The Committee may establish vesting dates based upon the passage of time and/or the satisfaction of Performance Goals or other
conditions as deemed appropriate by the Committee.

 

g.           Exercise
of Option. Options may be exercised only by delivery to the Company at its principal office address or to such transfer agent
as the Company shall designate of a written notice of exercise specifying the number of shares as to which such Option is being
exercised, signed by the proper person, or by notification of the Company-designated third party commercial provider (the “Third
Party Commercial Provider”), in accordance with the procedures approved by the Company and to which the holder of the
Option shall have ongoing access by means of accessing such person’s account maintained with the Third Party Commercial Provider,
together with payment in full as specified in Section 4(h) for the number of shares for which the Option is exercised.

 

h.           Payment
Upon Exercise.
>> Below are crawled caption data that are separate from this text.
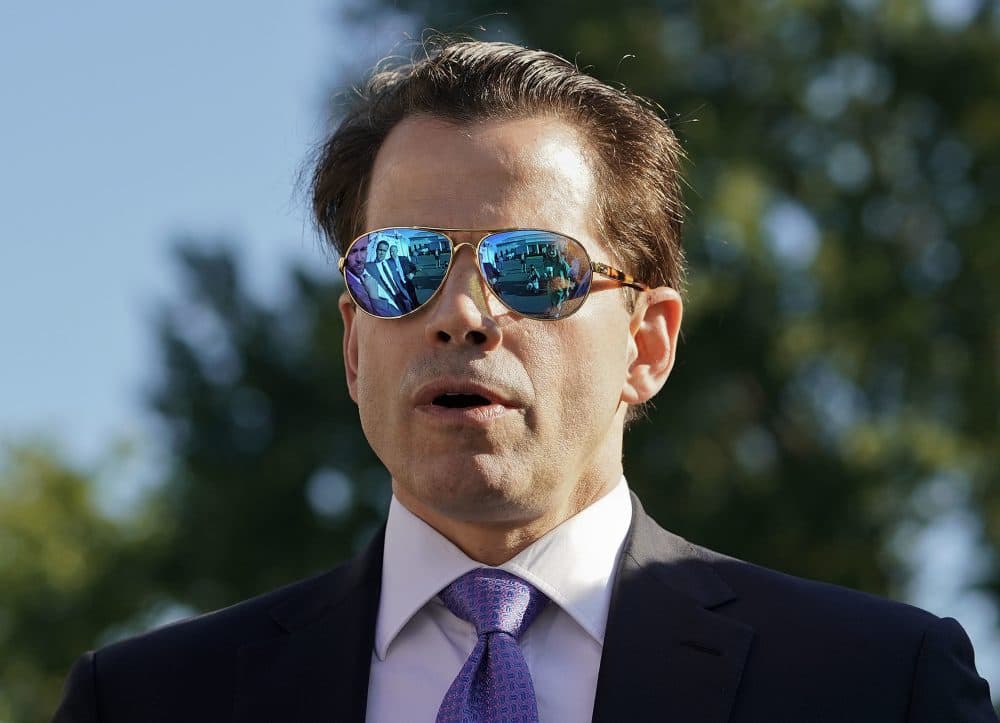 Anthony Scaramucci speaks to members of the media outside the White House on July 25, 2017. He announced his resignation from a Tufts University board on Tuesday. (Pablo Martinez Monsivais/AP)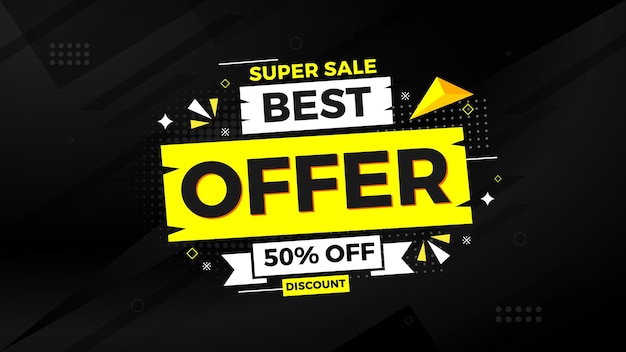 Best offer discount banner offer sale banner vector template sale label and discounts background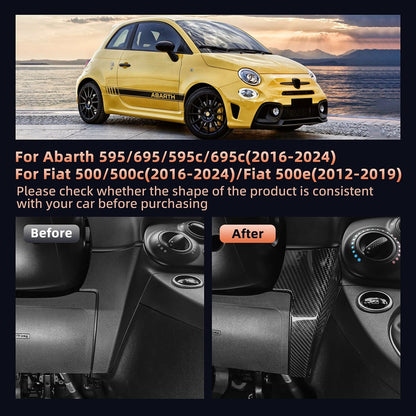 Carbon Fiber Car Dashboard Lower Right Cover for FIAT 500 Abarth 595 2016-2024 - detail view 3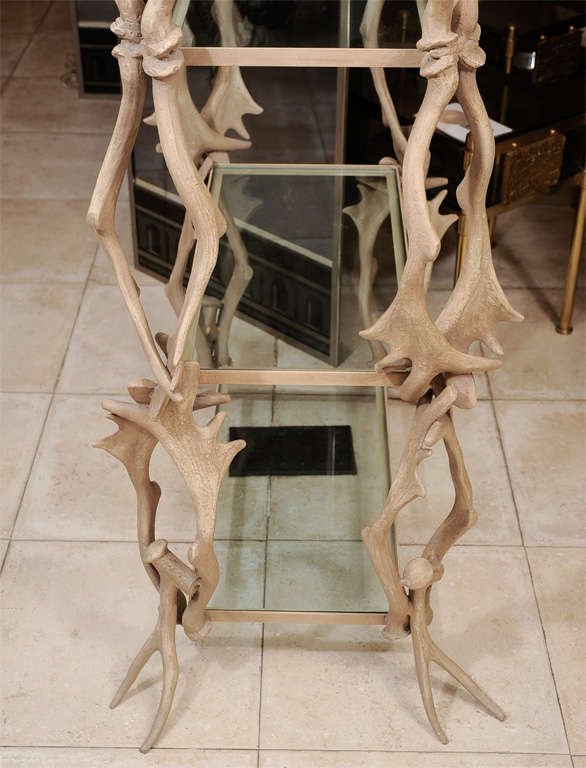 Four Tier Faux Antler Etagere with Glass Shelves by Arthur Court 4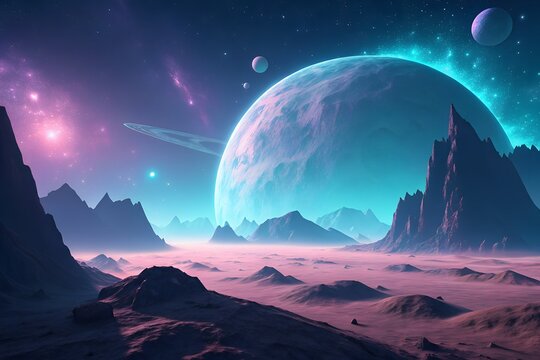 Majestic giant turquoise planet looming over a rocky alien landscape with distant moons and shimmering nebula clouds casting a soft ethereal glow across the vast craggy surface of this mysterious fara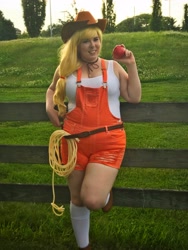 Size: 3024x4032 | Tagged: safe, artist:mintyblitzz, character:applejack, species:human, apple, chubby, clothing, cosplay, costume, female, fence, food, irl, irl human, lasso, overalls, photo, rope, solo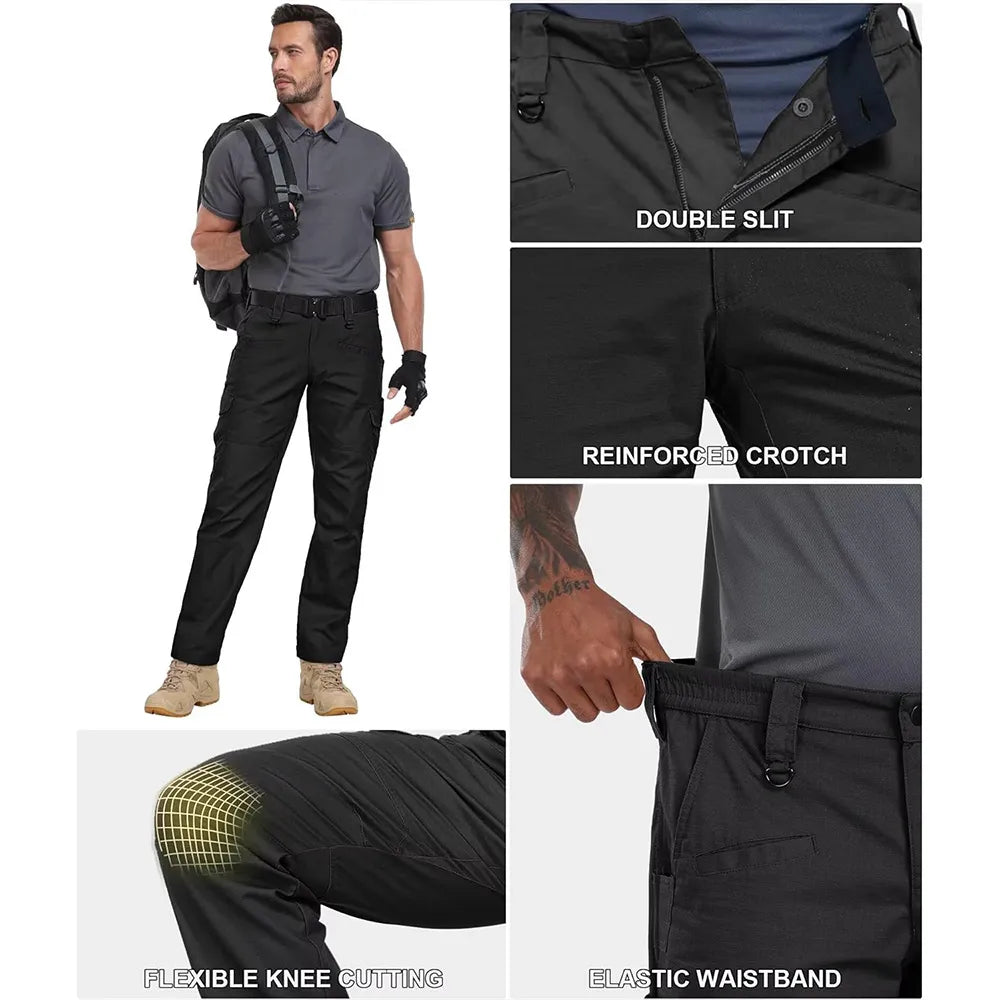 Men's Tactical Work Pants 9 Pockets Ripstop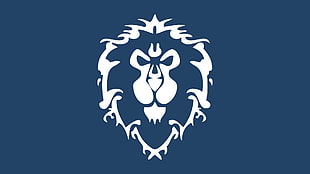 white and blue lion logo, World of Warcraft: Warlords of Draenor, Alliance, simple, minimalism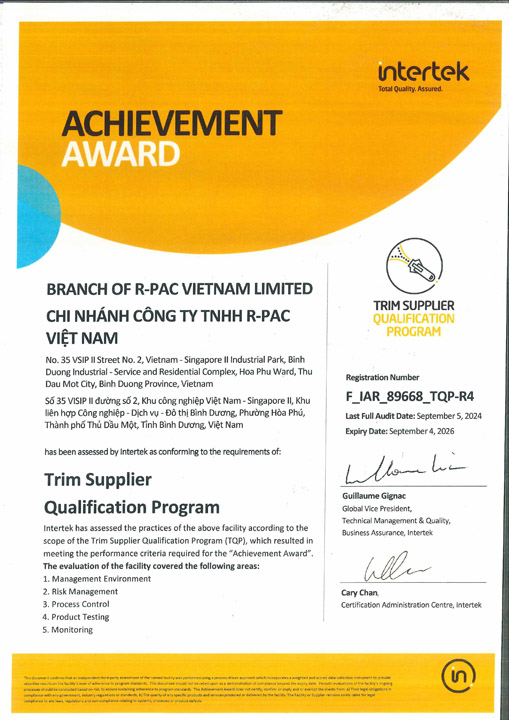 Chứng nhận TQP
Common Stock purchased upon the exercise of an Option shall be paid for by one or any combination of the following
forms of payment:

 

		(i)	in United States dollars in cash or by check or by fund transfer from the Option holder’s account maintained with the
Third Party Commercial Provider;

 

		(ii)	at the discretion of the Committee, through delivery of shares of Common Stock having a Fair Market Value equal as of the date
of the exercise to the cash exercise price of the Option;

 

		(iii)	at the discretion of the Committee and consistent with applicable law, through the delivery of an assignment to the Company
of a sufficient amount of the proceeds from the sale of the Common Stock acquired upon exercise of the Option and an authorization
to the Third Party Commercial Provider to pay that amount to the Company, which sale shall be at the Participant’s direction
at the time of exercise;

 

		(iv)	at the discretion of the Committee, by any combination of (i), (ii), or (iii) above.

 

If the Committee exercises its discretion to permit payment
of the exercise price of an Incentive Stock Option by means of the methods set forth in clauses (ii), (iii) or (iv) of the preceding
sentence, such discretion shall be exercised in writing at the time of the grant of the Incentive Stock Option in question.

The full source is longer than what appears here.